At operation 510, the scoring result obtained from execution of the graph structure based on the configuration parameters is returned to the tenant application in response to the request for the machine learning application.
The implementations described herein present a flexible mechanism for defining the flow of operations of a machine learning application. A data scientist may generate a flow of operations by defining a graph structure including nodes, where at least one node of the graph includes a scoring service based on a prediction model. In some implementations, the graph structure may include two or more nodes that apply machine learning models. In some implementations, the graph structure includes nodes with operations that can be performed locally as part of the same process that handles execution and management of the machine learning models. In some implementations, the graph structure includes a dynamic node. The dynamic node when executed, based on an input associated with the request for the machine learning application, dynamically branches out into one or more nodes from a plurality of possible nodes for the dynamic node. The nodes to which the dynamic nodes branches out are unknown before execution of the dynamic node based on the input.
Example Electronic Devices and Environments
Electronic Device and Machine-Readable Media
One or more parts of the above implementations may include software. Software is a general term whose meaning can range from part of the code and/or metadata of a single computer program to the entirety of multiple programs.
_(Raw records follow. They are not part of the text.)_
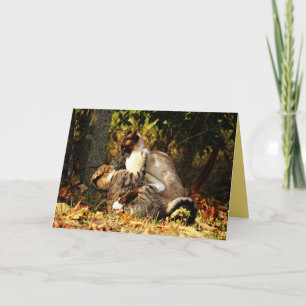 Cartão Personalizável Gato Gato Siamês Gato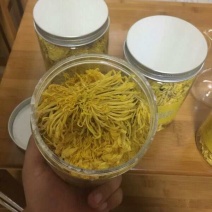 野菊花统货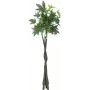 EUROPALMS Künstlicher Pachira Geldbaum, 160cm 82600165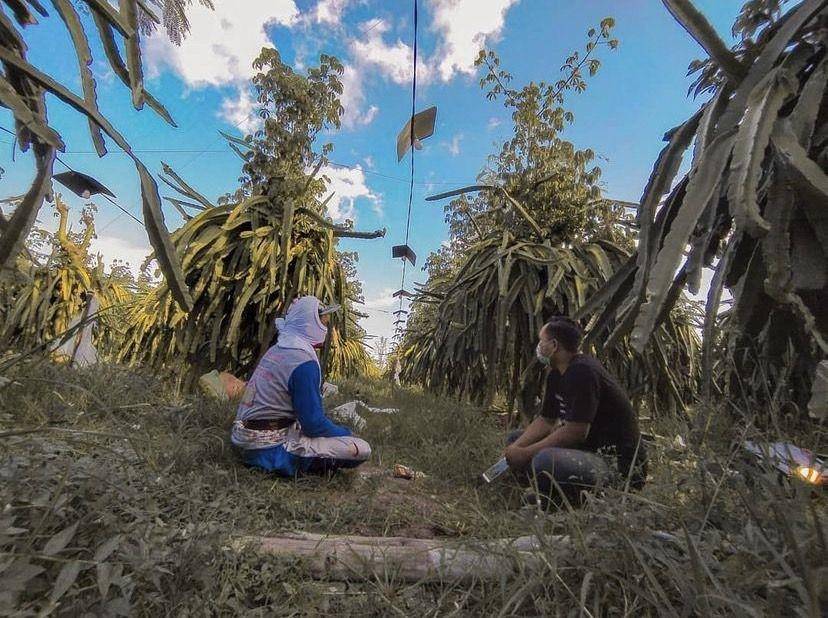 Muhammad Abdul Rohman di perkebunan buah naga. (instagram.com/seorangrohman)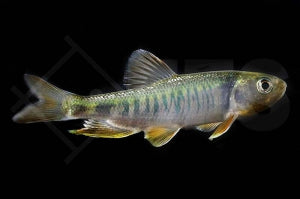 Japanischer Drachenfisch (Zacco platypus)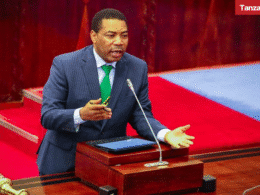 Tanzania Mwigulu Nchemba Parliament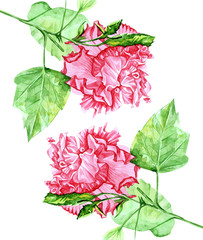 Obraz premium гибискус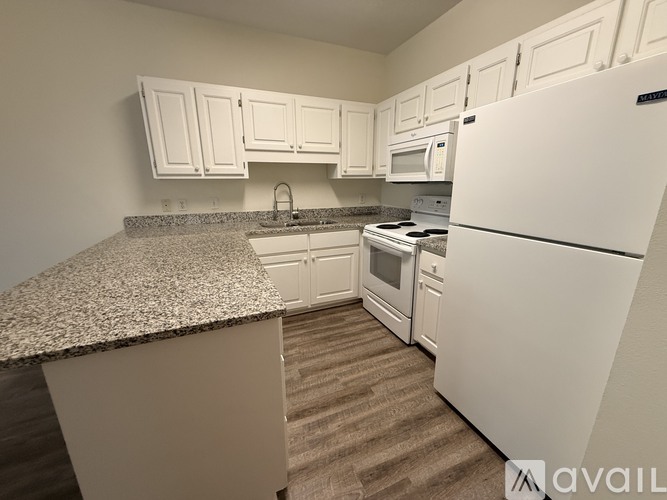 A room with a ceiling fan and carpeted floor.
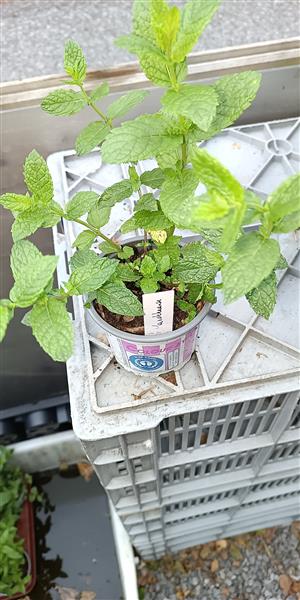 Grote foto 28 soorten munt met verschillende geur en smaak tuin en terras bloemen en planten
A computer program (also referred to as a program) comprises code and optionally data. Code (sometimes referred to as computer program code or program code) comprises software instructions (also referred to as instructions). Instructions may be executed by hardware to perform operations. Executing software includes executing code, which includes executing instructions. The execution of a program to perform a task involves executing some or all of the instructions in that program.
An electronic device (also referred to as a device, computing device, computer, etc.) includes hardware and software. For example, an electronic device may include a set of one or more processors coupled to one or more machine-readable storage media (e.g., non-volatile memory such as magnetic disks, optical disks, read only memory (ROM), Flash memory, phase change memory, solid state drives (SSDs)) to store code and optionally data. For instance, an electronic device may include non-volatile memory (with slower read/write times) and volatile memory (e.g., dynamic random-access memory (DRAM), static random-access memory (SRAM)). Non-volatile memory persists code/data even when the electronic device is turned off or when power is otherwise removed, and the electronic device copies that part of the code that is to be executed by the set of processors of that electronic device from the non-volatile memory into the volatile memory of that electronic device during operation because volatile memory typically has faster read/write times. As another example, an electronic device may include a non-volatile memory (e.g., phase change memory) that persists code/data when the electronic device has power removed, and that has sufficiently fast read/write times such that, rather than copying the part of the code to be executed into volatile memory, the code/data may be provided directly to the set of processors (e.g., loaded into a cache of the set of processors). In other words, this non-volatile memory operates as both long term storage and main memory, and thus the electronic device may have no or only a small amount of volatile memory for main memory.
In addition to storing code and/or data on machine-readable storage media, typical electronic devices can transmit and/or receive code and/or data over one or more machine-readable transmission media (also called a carrier) (e.g., electrical, optical, radio, acoustical or other forms of propagated signals—such as carrier waves, and/or infrared signals). For instance, typical electronic devices also include a set of one or more physical network interface(s) to establish network connections (to transmit and/or receive code and/or data using propagated signals) with other electronic devices. Thus, an electronic device may store and transmit (internally and/or with other electronic devices over a network) code and/or data with one or more machine-readable media (also referred to as computer-readable media).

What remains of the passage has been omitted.